---------- Supplied entries

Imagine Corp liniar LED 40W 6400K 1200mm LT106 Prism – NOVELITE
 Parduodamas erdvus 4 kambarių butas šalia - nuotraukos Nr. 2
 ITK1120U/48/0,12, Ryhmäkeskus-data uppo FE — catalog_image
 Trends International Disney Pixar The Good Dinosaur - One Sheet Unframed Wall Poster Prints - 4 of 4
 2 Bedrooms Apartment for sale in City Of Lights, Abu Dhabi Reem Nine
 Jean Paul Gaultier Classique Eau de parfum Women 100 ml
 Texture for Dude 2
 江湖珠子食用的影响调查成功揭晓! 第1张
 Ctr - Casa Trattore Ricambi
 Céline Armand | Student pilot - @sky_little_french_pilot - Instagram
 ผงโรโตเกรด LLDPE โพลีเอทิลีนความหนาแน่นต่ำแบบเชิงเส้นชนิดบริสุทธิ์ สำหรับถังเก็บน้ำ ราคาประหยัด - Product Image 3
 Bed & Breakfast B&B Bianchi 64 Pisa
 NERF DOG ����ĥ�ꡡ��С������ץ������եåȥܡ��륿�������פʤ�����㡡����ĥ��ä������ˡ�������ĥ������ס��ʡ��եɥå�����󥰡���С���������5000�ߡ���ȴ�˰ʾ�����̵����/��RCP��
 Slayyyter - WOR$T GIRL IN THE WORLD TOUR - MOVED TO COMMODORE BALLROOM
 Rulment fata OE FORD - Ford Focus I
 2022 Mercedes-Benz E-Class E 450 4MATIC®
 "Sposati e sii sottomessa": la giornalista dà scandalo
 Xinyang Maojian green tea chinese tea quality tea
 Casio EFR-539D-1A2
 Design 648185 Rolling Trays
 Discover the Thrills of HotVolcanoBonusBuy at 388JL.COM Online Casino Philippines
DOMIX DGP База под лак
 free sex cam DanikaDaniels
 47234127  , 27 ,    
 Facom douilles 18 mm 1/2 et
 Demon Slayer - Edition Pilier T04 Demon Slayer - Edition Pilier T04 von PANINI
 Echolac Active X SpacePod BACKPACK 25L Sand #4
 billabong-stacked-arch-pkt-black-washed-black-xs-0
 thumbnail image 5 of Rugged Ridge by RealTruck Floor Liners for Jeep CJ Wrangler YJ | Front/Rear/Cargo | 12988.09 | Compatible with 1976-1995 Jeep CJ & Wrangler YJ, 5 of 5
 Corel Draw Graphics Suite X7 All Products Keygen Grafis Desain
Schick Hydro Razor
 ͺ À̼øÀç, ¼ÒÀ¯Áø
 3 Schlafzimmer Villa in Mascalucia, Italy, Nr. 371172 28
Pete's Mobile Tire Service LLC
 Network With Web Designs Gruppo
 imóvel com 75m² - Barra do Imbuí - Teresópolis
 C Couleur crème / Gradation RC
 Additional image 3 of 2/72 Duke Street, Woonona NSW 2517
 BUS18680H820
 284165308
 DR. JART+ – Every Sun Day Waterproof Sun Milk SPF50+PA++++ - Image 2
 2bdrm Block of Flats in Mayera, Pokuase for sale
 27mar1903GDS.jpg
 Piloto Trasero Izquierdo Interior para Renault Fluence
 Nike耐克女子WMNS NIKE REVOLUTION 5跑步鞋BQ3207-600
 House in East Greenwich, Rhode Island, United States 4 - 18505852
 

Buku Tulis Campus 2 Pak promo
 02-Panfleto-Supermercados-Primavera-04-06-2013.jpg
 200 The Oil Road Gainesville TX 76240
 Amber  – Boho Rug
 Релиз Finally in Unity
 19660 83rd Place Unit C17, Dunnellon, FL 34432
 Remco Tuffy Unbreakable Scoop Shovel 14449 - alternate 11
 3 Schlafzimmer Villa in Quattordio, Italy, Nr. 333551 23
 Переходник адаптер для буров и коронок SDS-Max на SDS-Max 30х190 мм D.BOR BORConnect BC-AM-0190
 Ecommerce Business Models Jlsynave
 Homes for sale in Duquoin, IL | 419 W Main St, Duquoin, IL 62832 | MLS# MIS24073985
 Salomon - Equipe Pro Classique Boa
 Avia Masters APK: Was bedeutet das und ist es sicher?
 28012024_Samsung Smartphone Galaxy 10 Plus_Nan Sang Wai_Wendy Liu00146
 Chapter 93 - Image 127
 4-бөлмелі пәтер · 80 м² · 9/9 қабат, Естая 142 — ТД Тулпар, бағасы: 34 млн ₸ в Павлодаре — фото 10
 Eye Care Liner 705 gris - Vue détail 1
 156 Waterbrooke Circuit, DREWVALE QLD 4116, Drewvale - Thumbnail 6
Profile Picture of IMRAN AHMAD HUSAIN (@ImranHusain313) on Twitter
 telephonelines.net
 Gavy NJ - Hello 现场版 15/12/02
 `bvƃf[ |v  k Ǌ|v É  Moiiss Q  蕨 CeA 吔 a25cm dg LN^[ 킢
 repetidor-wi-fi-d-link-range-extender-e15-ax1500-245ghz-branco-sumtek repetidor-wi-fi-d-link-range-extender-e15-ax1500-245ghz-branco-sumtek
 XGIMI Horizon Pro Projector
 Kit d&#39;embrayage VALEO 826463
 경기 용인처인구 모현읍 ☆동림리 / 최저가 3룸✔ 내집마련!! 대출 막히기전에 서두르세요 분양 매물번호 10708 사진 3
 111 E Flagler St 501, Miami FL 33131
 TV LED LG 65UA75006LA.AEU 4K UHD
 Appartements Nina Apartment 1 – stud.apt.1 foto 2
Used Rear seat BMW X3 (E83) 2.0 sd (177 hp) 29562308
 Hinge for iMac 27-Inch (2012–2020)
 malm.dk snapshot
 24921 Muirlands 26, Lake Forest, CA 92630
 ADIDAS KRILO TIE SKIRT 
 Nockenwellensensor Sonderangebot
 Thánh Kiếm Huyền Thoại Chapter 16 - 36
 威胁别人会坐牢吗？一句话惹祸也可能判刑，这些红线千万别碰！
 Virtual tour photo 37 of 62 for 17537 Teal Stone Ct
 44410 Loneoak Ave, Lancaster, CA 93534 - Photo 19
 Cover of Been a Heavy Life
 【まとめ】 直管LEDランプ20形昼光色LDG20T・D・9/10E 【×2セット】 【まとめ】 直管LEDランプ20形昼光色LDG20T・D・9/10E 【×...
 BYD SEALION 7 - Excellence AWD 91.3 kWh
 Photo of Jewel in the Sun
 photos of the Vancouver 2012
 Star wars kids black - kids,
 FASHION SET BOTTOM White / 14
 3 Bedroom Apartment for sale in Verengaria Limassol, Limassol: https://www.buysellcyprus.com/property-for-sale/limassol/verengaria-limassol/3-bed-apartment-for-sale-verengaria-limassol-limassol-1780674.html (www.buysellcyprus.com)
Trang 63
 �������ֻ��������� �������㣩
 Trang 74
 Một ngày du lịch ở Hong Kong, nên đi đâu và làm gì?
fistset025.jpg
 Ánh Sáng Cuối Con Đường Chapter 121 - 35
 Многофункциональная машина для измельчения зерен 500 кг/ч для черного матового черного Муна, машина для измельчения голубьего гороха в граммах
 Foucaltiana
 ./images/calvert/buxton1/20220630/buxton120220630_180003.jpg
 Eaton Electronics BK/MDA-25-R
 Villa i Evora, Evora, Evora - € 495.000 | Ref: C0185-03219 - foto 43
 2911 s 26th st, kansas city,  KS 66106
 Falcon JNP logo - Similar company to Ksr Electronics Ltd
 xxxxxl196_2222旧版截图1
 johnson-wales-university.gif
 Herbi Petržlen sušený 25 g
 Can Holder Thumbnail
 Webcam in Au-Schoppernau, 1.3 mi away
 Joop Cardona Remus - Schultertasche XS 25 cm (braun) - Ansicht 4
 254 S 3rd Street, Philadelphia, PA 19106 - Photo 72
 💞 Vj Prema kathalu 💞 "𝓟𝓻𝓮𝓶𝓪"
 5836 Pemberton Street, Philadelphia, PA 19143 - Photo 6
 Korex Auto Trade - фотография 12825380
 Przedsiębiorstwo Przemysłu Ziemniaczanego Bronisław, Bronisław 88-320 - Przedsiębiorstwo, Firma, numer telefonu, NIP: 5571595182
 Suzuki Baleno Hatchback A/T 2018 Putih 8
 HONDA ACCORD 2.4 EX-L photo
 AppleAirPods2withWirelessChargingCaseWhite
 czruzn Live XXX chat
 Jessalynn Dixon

--------------------

| Problem |
Check the lines above and copy each one that includes "Electronics".

| Solution for this exercise |
 Eaton Electronics BK/MDA-25-R
 Falcon JNP logo - Similar company to Ksr Electronics Ltd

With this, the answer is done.